Post Sandy – belief in fellow man

Well, here we are back to the daily grind in NYC a week after Hurricane Sandy. Most subways lines and roadways are up and running for most. People are lined up at Starbucks and bagel stands to get their normal fix. Businesses are open. Power has been restored to the majority. I have to give big props to the MTA and ConEd for getting everything up as quick as they did under the circumstances. It truly was a Herculean effort, and the employees of those companies that were in the trenches working day and night need to be applauded. There are still areas that are out but should be up shortly.

I thought Governor Cuomo showed excellent leadership throughout this crisis. It made me happy to see him blast the utility companies and make them perform. It’s all about accountability as he stressed. Mayor Bloombito at times said the right things, but he will forever be known now as the arrogant insensitive moron that he can be with the whole New York City Marathon debacle. I just don’t get him, as one moment he does good in his position, and at another he makes us all cringe.  Thankfully, this is his last term.

Still, there are so many that life will never be normal again. Watching the news this morning and reading the paper on the way to work brings the images of devastation, suffering, and heartbreak to the forefront of my mind. So many lost their homes, livelihoods, everything. Many areas of Staten Island, Jersey, Queens, Brooklyn, and others that were hardest hit are in for a long battle to recover. Many will never truly recover. That is why we all must show our compassionate side and pitch in. Even just a little bit helps. Many that are without homes and power are struggling through cold nights this week, and with a Nor’easter looming in a few days it will make matters worse for so many and damper recovery efforts. It’s called being human people, and won’t take much effort to help out.

I had my own experience with this first hand yesterday. Made sure we got up early to hit the local stores to buy bags of supplies and food for Far Rockaway Relief efforts. There was a local bar in my hood serving as a donation drive center. It was astounding walking up and seeing the amazing outpouring of support and donations from the Upper East Side/Yorkville area that I live in. It made me swell with pride for my neighborhood.  There were hundreds of people piling in with all types of goods and necessities to give. Huge trucks were filled to the rim with bags and boxes. The local fire dept was on hand to help out. I literally had tears in my eyes as I walked away after handing over our donation.  It made me believe again that there is some good in my fellow man.

The second half of my day was spent giving blood at the donor center close to where I live. Again, it was heartwarming to see so many piling in to give. The place was mobbed and right after I walked in at 3pm they locked the doors behind us. As they were understaffed we were told it might take a few hours and could leave if that would be a problem. There was no way anyone was leaving. Well, two hours turned into four and five by the time it ended. Very few left. It became such a sense of “community” with all of us bonding and telling our Sandy stories and experiences. We were determined to see this through, as it really was not that much of a sacrifice. Again, it made me believe that there really is good in most people.

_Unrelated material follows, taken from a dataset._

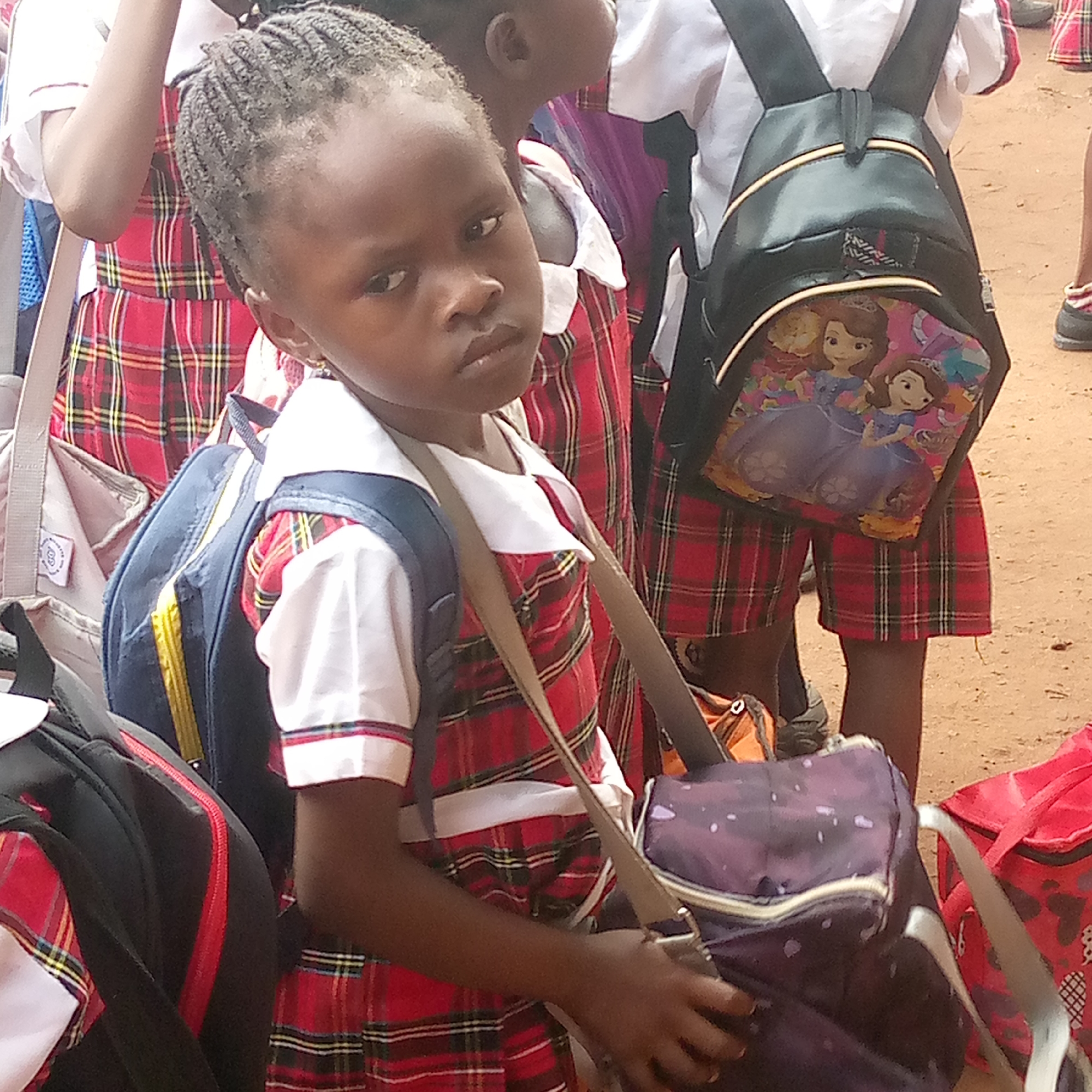 In Ukwu-Abwa, Nigeria, a group of children in red plaid school uniforms, topped with white collared shirts, are surrounded by backpacks. A young girl in the foreground has braided hair and a serious expression. She's wearing a blue and yellow backpack in addition to a purple patterned bag slung over her shoulder. Other children stand behind her, also in uniform and carrying backpacks, one of which features Disney Princesses. The environment appears to be an outdoor area with a reddish-brown ground.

So much more needs to be done. The Red Cross and many other charitable organizations are still taking donations and will be for quite a while. You can always give blood, once every two months. Volunteers are still needed to help out the areas ravaged by this storm on a daily basis. We can all do our part whether it be big or small. Be human. We are all in this together.

2 thoughts on “Post Sandy – belief in fellow man”

  1. Great article Phil. Good to hear people are pulling together and whilst the pain will be long lasting for some, sharing the burden does help.

    In times of crisis people come together and the benefits are clear to see.

    1. Thanks for the compliment. So many affected here by the storm. It’s good to see people showing compassion and caring.